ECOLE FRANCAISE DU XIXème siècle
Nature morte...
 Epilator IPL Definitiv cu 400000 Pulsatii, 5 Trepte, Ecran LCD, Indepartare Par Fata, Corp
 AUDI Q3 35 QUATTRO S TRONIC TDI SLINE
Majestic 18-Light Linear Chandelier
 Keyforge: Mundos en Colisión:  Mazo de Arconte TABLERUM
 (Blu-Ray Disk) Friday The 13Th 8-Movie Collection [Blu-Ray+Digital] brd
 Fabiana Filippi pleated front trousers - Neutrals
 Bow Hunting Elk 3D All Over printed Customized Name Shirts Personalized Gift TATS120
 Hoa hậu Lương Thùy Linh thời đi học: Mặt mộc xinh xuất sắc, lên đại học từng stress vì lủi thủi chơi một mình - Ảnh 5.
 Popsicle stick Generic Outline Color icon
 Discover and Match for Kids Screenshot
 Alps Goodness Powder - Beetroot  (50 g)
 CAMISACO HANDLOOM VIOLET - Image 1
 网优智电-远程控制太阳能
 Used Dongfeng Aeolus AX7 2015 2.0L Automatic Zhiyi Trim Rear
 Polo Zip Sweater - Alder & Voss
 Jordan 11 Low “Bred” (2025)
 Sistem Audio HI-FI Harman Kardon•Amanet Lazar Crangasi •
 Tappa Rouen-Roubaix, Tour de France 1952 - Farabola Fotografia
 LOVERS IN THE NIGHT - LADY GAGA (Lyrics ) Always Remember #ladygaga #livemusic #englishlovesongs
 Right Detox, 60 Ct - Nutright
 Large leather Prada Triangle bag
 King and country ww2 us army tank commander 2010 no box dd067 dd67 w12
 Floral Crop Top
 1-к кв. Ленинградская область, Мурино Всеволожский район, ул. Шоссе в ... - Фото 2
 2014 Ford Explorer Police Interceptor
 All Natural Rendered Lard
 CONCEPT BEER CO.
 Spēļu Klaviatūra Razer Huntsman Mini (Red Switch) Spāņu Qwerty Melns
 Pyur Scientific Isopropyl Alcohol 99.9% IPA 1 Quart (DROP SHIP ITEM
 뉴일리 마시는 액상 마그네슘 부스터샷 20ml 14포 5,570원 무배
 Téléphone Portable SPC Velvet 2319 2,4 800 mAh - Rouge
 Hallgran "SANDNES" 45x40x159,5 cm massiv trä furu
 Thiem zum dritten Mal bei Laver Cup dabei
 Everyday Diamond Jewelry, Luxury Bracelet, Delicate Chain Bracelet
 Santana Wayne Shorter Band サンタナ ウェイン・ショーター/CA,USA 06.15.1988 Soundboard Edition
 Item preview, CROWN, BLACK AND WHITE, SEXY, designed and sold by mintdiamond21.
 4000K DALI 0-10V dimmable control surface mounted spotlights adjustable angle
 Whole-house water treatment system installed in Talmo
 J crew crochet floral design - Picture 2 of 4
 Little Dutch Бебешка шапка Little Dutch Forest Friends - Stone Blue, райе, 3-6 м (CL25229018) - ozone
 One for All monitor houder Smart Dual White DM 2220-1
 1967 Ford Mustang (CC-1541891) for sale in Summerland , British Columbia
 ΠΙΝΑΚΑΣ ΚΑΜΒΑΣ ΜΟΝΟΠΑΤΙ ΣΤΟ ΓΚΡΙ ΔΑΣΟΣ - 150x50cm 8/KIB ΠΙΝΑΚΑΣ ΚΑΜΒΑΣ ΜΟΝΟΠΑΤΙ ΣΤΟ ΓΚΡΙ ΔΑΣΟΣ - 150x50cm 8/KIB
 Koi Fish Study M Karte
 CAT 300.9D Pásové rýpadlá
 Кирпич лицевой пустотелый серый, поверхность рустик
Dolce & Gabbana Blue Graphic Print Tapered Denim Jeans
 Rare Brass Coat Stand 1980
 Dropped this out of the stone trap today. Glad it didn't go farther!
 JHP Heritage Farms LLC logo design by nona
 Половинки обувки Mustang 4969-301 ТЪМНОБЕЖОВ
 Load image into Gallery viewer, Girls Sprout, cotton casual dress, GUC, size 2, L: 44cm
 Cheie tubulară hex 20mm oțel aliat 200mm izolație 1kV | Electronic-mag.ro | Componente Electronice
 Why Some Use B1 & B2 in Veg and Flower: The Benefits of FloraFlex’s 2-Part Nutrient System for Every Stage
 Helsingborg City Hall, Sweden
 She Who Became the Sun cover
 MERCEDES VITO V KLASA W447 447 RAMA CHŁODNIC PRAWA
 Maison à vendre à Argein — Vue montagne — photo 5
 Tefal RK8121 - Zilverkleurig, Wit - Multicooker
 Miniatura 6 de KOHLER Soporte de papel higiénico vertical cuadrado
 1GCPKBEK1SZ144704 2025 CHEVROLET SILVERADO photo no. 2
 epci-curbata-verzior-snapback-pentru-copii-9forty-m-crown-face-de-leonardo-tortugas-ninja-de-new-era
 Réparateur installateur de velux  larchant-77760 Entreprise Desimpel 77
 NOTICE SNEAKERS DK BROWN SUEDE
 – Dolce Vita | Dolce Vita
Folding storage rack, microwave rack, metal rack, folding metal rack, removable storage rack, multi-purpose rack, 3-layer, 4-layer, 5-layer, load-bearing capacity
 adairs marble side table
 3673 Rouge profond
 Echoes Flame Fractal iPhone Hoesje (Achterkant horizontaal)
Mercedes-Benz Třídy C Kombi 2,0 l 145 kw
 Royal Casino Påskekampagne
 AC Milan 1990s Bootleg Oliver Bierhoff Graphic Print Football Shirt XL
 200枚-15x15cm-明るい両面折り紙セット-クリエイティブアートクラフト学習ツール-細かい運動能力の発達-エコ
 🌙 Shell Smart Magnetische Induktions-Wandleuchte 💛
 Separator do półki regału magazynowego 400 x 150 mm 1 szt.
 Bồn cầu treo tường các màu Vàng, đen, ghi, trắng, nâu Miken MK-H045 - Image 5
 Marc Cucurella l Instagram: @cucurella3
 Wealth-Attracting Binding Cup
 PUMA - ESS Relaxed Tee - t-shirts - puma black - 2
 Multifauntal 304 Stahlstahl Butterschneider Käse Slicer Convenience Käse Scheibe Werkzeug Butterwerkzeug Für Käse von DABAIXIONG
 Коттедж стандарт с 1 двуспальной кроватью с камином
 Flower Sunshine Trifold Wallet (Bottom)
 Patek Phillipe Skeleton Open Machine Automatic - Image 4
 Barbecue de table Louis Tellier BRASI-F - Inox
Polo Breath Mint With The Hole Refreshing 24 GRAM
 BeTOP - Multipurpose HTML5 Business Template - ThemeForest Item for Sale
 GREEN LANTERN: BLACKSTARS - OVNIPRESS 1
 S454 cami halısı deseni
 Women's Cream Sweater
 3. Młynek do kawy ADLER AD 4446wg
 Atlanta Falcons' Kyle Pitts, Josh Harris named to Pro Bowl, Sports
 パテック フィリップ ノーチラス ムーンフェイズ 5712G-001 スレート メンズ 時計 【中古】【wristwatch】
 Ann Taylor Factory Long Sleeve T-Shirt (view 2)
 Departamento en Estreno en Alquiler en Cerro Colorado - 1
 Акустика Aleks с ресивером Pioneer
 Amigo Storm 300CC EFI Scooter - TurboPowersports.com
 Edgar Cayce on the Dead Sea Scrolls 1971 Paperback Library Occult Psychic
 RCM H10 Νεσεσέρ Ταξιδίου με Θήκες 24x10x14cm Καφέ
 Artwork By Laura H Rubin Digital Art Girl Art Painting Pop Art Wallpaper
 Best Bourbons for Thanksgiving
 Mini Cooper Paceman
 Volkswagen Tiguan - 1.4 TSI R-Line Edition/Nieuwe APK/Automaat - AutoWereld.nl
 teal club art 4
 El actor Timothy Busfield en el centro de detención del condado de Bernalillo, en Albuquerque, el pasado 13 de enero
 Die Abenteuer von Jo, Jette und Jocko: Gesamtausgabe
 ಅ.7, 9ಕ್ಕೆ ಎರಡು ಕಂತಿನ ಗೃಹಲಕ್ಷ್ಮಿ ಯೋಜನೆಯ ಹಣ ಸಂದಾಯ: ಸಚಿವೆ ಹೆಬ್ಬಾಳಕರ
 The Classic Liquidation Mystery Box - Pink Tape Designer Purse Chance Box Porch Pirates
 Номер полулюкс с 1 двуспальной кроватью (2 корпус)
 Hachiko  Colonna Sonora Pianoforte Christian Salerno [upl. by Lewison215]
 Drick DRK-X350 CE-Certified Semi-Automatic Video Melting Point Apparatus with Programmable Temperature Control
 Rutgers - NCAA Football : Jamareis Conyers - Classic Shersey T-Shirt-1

◆ ◆ ◆

> [ABOUT THIS TASK]: Output only the lines from the top of the entries through the one holding "Keyforge: Mundos en", copied exactly.

> [YOUR RESPONSE]:
ECOLE FRANCAISE DU XIXème siècle
Nature morte...
 Epilator IPL Definitiv cu 400000 Pulsatii, 5 Trepte, Ecran LCD, Indepartare Par Fata, Corp
 AUDI Q3 35 QUATTRO S TRONIC TDI SLINE
Majestic 18-Light Linear Chandelier
 Keyforge: Mundos en Colisión:  Mazo de Arconte TABLERUM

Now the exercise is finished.